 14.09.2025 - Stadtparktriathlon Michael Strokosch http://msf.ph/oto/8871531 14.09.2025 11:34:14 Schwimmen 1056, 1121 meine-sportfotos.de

- - - -

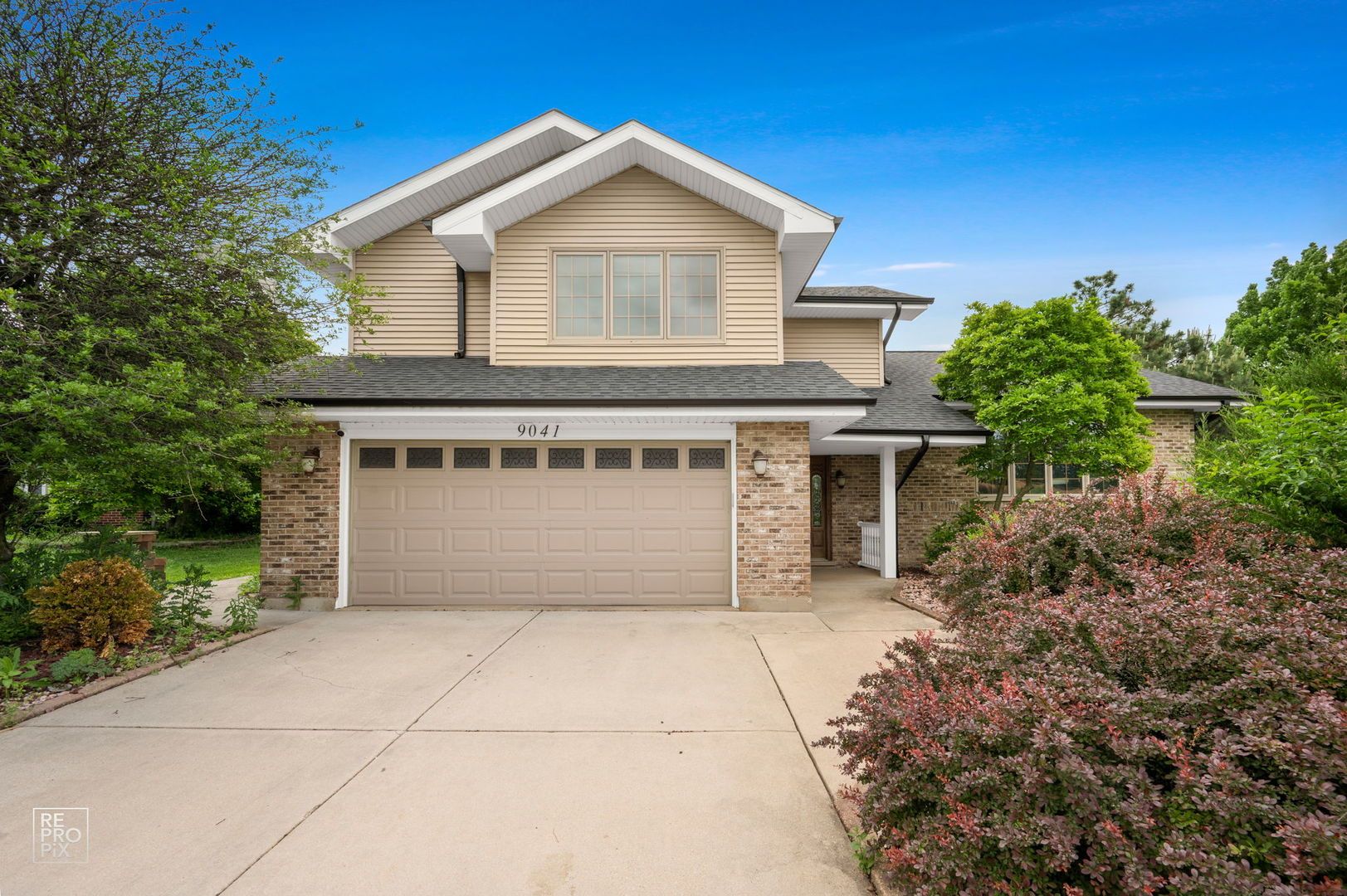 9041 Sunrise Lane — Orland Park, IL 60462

- - - -

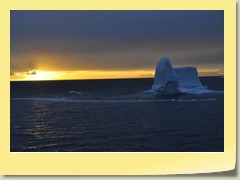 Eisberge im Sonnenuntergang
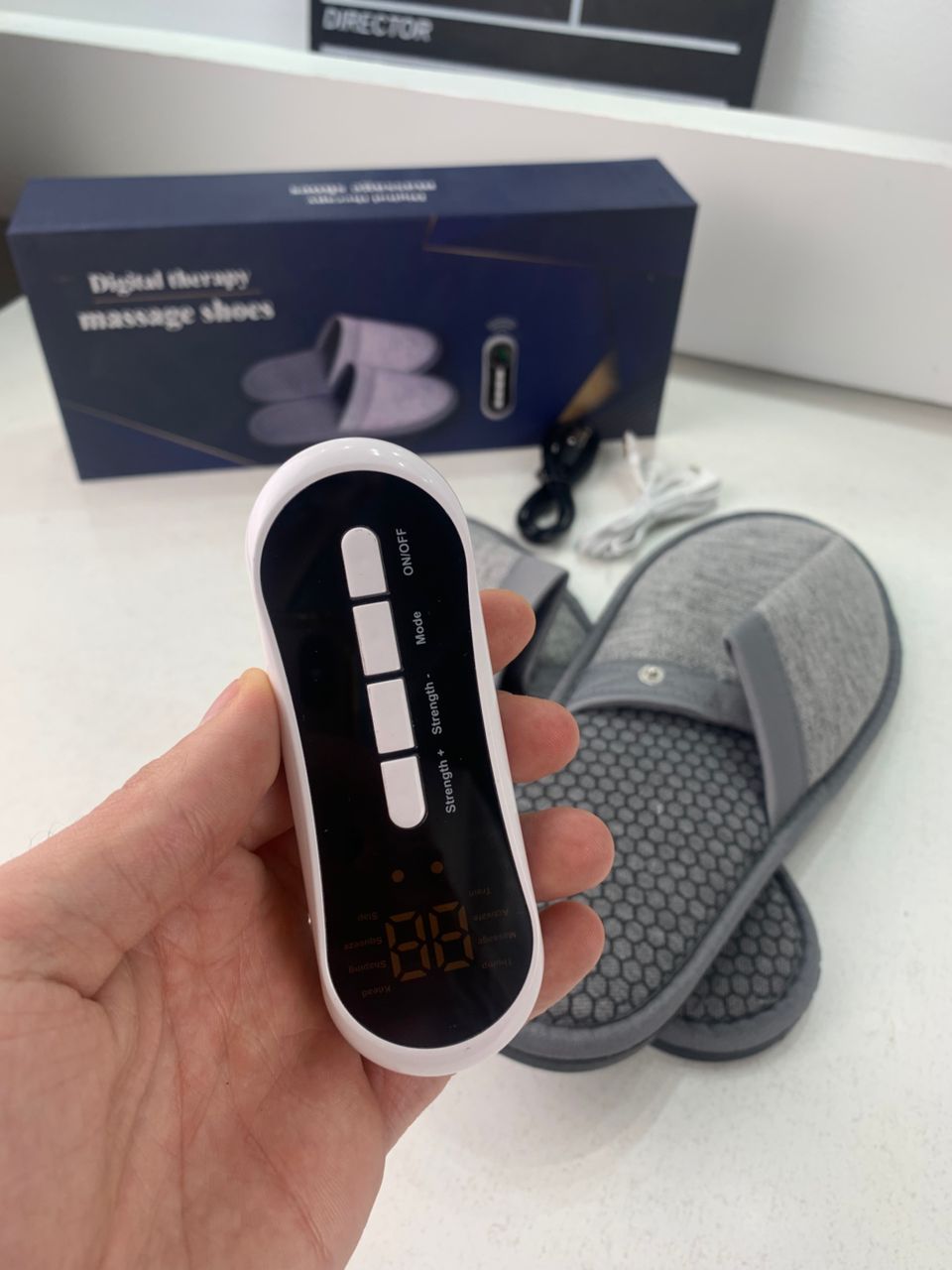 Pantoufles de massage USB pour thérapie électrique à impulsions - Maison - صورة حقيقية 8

- - - -

*WORK TASK:* To complete this exercise, transcribe exactly the lines above from the one that holds "Eisberge im Sonnenuntergang" through the one that holds "Pantoufles de massage". Pictures stay out.

*WRITTEN ANSWER:*
 Eisberge im Sonnenuntergang
 Pantoufles de massage USB pour thérapie électrique à impulsions - Maison - صورة حقيقية 8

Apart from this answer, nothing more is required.